The harmonic series is the set of frequencies that are whole-number multiples of a fundamental. If the fundamental is 100 Hz the harmonics are 200, 300, 400 Hz and so on. Almost every pitched acoustic sound is a blend of these overtones, and their relative loudness defines its timbre.

How do I calculate the nth harmonic?

The nth harmonic frequency is simply the fundamental times n. The 5th harmonic of 220 Hz is 220 times 5, which is 1100 Hz. The fundamental itself is the 1st harmonic.

Why do some harmonics not line up with piano notes?

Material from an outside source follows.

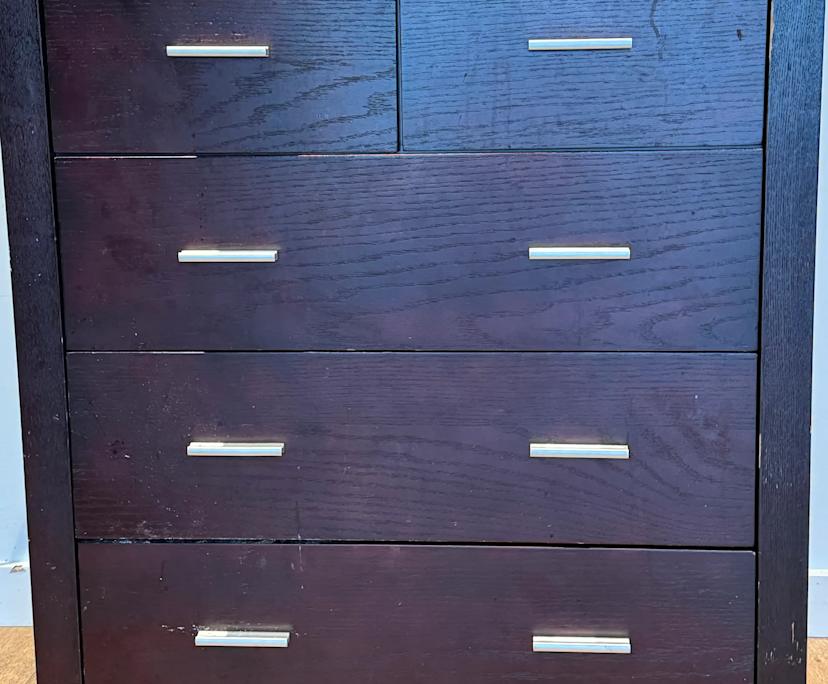 $260, Flatshare, 2 bathrooms, Parramatta NSW 2150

Equal temperament divides the octave into 12 equal steps, but the harmonic series follows pure whole-number ratios. The 7th and 11th harmonics in particular fall well between piano keys, the 7th about 31 cents flat and the 11th about 49 cents sharp of the nearest equal-tempered note.

A cent is one hundredth of an equal-tempered semitone, so 1200 cents make an octave. Cents measure how far a frequency sits from a reference pitch. Differences under about 5 cents are hard to hear; differences over 20 cents are clearly out of tune.

How does the harmonic series relate to musical intervals?

The early harmonics spell out familiar intervals: harmonic 2 is an octave above the fundamental, harmonic 3 a perfect twelfth (octave plus fifth), harmonic 5 a major third two octaves up, and so on. Just intonation builds scales directly from these pure ratios.

Harmonic Series Calculator

Every pitched sound you hear is a stack of overtones sitting above a fundamental at whole-number multiples of its frequency. This calculator lists the first 16 harmonics of any note, gives their exact frequencies, and shows how far each one strays from the equal-tempered piano.

How it works

The harmonic series is defined by a single rule:

harmonic n = fundamental x n

So a 110 Hz fundamental (A2) produces 110, 220, 330, 440, 550 Hz and so on. The first harmonic is the fundamental itself.

Nearest note and cents deviation

To find the closest equal-tempered note the tool converts each harmonic frequency to a position on the chromatic scale relative to A4 = 440 Hz:

semitones from A4 = 12 x log2(freq / 440)

It rounds to the nearest semitone for the note name, then measures the leftover as cents:

cents = 100 x (exact semitones - rounded semitones)

A positive value means the harmonic is sharp of the piano note; negative means flat.

What the deviations tell you

Harmonics 1, 2, 4, 8, and 16 are pure octaves and land exactly on the note (0 cents). The 3rd and 6th (fifths) sit about +2 cents. The 5th (major third) is about -14 cents — noticeably flatter than the tempered third, which is why pure thirds sound sweeter. The 7th is about -31 cents and the 11th about +49 cents, both far enough from any key to sound exotic.

Worked example

For a fundamental of 220 Hz (A3), the 3rd harmonic is 660 Hz, nearest note E5, about +2 cents — a pure perfect fifth two octaves up. The 5th harmonic is 1100 Hz, nearest note C#6, about -14 cents — the natural major third. Stacking these pure ratios is the basis of just intonation.

All maths runs locally in your browser.